* Your instructions
Please print the entries below exactly, from the line with "tanialunar hot model pics" through the line with "Oyo 90825 Three Star Stays", including both of those lines and leaving out all others.

--- Provided entries Enclosed Below ---

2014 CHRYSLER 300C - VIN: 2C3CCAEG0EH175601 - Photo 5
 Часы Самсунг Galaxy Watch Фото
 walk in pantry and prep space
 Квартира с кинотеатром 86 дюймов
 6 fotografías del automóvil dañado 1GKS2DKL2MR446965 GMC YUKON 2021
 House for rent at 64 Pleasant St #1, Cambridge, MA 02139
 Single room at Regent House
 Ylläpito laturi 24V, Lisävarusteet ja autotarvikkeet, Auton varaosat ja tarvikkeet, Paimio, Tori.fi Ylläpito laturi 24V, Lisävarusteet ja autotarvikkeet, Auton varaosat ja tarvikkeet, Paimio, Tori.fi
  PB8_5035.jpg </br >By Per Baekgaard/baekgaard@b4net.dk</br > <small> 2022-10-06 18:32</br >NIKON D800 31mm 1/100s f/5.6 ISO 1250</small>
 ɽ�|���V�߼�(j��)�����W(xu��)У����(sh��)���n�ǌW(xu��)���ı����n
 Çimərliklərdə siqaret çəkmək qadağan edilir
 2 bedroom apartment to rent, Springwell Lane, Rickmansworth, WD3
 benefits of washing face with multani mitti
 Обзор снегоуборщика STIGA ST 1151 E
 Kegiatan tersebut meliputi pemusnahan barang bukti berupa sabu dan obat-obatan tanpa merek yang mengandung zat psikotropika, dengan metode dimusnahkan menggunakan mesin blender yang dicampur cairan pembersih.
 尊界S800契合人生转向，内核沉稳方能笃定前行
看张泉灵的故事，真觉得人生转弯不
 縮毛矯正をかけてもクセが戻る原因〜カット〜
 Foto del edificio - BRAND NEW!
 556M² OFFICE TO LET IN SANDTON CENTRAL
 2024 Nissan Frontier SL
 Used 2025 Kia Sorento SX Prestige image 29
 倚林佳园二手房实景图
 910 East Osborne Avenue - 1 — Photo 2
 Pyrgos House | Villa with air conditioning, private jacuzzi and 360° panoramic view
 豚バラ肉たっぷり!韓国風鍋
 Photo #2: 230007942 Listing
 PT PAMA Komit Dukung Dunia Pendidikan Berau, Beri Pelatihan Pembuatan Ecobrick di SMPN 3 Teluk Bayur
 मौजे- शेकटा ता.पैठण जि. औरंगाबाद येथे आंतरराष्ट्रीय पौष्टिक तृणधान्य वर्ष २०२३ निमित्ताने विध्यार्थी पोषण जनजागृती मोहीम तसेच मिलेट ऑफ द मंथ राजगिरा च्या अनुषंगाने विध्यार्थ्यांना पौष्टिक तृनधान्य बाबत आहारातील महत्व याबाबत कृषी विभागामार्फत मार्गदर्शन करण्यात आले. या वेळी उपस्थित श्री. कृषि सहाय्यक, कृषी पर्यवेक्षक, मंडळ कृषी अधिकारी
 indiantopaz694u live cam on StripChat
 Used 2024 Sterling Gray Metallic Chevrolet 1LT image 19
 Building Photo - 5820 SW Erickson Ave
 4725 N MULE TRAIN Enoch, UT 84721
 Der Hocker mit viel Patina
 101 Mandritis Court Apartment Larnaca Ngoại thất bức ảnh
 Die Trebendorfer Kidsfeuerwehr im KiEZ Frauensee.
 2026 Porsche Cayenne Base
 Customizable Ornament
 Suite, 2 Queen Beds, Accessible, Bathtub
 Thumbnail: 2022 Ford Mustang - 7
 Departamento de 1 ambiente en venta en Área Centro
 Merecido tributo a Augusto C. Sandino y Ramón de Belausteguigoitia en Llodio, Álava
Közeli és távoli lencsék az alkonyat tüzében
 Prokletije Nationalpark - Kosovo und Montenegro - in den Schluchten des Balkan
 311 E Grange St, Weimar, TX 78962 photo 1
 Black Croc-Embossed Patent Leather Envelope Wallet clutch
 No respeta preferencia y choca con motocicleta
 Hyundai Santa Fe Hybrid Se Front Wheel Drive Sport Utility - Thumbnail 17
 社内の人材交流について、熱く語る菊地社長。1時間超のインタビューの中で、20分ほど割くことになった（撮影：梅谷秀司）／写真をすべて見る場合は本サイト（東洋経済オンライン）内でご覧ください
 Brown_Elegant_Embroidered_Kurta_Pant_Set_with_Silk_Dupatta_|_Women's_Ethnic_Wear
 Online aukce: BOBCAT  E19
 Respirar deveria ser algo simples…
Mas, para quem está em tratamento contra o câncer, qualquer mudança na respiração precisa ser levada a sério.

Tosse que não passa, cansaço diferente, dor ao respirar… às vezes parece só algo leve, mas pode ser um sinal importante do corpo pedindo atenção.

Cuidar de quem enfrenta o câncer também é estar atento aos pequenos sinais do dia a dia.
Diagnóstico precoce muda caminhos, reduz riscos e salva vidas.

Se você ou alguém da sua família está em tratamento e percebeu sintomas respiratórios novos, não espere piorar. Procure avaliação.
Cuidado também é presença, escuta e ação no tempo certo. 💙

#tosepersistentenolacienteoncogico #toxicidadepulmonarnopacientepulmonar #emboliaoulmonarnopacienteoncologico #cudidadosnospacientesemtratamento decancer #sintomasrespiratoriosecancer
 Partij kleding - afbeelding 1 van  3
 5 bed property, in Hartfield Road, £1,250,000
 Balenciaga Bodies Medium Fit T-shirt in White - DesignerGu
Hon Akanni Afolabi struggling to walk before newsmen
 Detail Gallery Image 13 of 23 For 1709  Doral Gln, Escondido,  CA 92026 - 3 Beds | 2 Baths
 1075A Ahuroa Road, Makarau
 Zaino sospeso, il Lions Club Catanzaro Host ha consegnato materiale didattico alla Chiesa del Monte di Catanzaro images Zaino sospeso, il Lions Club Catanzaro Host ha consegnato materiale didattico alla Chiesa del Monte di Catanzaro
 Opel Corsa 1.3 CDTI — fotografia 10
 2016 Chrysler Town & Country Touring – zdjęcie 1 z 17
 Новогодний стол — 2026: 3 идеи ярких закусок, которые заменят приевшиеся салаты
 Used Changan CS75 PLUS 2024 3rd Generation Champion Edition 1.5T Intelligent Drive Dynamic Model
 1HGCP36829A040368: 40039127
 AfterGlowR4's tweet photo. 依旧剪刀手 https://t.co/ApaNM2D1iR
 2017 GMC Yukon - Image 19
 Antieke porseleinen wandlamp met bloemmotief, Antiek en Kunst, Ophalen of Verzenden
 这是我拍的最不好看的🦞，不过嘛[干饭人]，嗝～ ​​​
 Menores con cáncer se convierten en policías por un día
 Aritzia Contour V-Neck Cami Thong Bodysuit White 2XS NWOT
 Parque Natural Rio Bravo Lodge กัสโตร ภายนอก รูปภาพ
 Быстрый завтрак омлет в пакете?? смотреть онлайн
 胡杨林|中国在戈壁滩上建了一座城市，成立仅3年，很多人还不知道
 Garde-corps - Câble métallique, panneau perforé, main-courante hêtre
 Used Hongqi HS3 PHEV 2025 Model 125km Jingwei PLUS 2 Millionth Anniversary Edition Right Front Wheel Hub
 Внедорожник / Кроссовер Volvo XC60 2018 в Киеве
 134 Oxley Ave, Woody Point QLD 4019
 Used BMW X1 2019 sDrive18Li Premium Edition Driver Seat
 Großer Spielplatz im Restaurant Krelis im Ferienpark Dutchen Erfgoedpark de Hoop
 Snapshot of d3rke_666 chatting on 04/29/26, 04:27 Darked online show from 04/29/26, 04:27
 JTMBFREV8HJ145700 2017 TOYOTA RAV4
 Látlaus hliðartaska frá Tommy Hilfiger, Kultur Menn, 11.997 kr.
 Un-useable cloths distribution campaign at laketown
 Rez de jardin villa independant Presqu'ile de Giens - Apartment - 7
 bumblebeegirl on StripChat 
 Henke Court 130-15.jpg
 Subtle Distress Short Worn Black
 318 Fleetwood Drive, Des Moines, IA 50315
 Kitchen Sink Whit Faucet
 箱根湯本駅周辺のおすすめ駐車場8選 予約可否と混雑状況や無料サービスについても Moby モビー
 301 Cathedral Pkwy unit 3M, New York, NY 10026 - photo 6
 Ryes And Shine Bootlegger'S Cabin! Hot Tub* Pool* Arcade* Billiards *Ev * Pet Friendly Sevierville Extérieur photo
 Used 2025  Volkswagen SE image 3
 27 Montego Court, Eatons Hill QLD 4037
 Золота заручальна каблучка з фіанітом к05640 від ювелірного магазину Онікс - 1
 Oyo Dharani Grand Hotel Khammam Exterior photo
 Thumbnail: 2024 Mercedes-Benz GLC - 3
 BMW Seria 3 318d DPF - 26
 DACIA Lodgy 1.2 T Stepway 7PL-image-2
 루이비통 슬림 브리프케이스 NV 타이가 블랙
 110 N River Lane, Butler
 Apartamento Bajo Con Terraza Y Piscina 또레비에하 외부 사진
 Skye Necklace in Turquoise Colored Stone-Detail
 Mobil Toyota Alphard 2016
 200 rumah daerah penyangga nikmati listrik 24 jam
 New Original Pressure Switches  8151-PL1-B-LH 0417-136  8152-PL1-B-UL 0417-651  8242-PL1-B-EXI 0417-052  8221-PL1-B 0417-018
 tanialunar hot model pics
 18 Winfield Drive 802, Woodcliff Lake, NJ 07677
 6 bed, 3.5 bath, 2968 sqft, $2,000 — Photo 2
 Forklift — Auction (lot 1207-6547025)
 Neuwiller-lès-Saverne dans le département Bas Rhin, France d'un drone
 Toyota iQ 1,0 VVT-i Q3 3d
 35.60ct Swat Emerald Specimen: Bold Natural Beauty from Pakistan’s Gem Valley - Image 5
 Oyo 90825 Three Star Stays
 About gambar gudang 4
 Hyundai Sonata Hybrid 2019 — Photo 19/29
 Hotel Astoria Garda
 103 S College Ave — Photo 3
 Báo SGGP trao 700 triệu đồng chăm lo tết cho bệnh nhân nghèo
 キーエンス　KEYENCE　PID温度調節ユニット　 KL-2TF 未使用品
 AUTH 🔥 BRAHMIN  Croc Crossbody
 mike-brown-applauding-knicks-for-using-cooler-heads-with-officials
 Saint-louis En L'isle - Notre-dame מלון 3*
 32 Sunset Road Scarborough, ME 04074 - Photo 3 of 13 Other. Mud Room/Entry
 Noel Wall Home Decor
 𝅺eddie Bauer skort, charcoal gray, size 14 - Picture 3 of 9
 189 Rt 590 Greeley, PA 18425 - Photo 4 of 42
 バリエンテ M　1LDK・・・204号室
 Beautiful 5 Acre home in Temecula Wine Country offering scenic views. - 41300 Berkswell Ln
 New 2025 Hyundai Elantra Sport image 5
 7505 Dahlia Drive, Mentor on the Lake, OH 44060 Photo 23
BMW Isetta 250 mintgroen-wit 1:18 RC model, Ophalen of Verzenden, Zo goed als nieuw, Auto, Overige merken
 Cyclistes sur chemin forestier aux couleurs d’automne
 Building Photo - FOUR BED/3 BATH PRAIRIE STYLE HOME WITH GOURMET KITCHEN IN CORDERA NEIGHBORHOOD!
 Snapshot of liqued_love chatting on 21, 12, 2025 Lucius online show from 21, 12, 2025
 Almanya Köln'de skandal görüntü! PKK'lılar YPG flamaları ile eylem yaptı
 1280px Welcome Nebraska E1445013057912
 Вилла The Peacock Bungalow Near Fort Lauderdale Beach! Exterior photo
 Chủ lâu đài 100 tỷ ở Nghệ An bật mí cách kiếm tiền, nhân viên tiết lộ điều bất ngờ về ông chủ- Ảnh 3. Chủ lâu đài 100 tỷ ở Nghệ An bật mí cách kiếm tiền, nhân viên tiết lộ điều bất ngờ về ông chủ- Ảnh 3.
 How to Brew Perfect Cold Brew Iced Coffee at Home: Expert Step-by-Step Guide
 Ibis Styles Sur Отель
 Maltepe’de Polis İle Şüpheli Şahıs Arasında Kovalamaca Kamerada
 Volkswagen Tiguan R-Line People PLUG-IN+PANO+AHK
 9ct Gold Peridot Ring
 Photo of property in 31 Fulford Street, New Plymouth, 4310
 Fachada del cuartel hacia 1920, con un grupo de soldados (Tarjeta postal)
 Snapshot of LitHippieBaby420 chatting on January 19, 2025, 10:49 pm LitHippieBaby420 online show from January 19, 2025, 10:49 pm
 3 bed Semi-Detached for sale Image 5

--- End of Enclosed Provided entries ---

* Answer for the task
 tanialunar hot model pics
 18 Winfield Drive 802, Woodcliff Lake, NJ 07677
 6 bed, 3.5 bath, 2968 sqft, $2,000 — Photo 2
 Forklift — Auction (lot 1207-6547025)
 Neuwiller-lès-Saverne dans le département Bas Rhin, France d'un drone
 Toyota iQ 1,0 VVT-i Q3 3d
 35.60ct Swat Emerald Specimen: Bold Natural Beauty from Pakistan’s Gem Valley - Image 5
 Oyo 90825 Three Star Stays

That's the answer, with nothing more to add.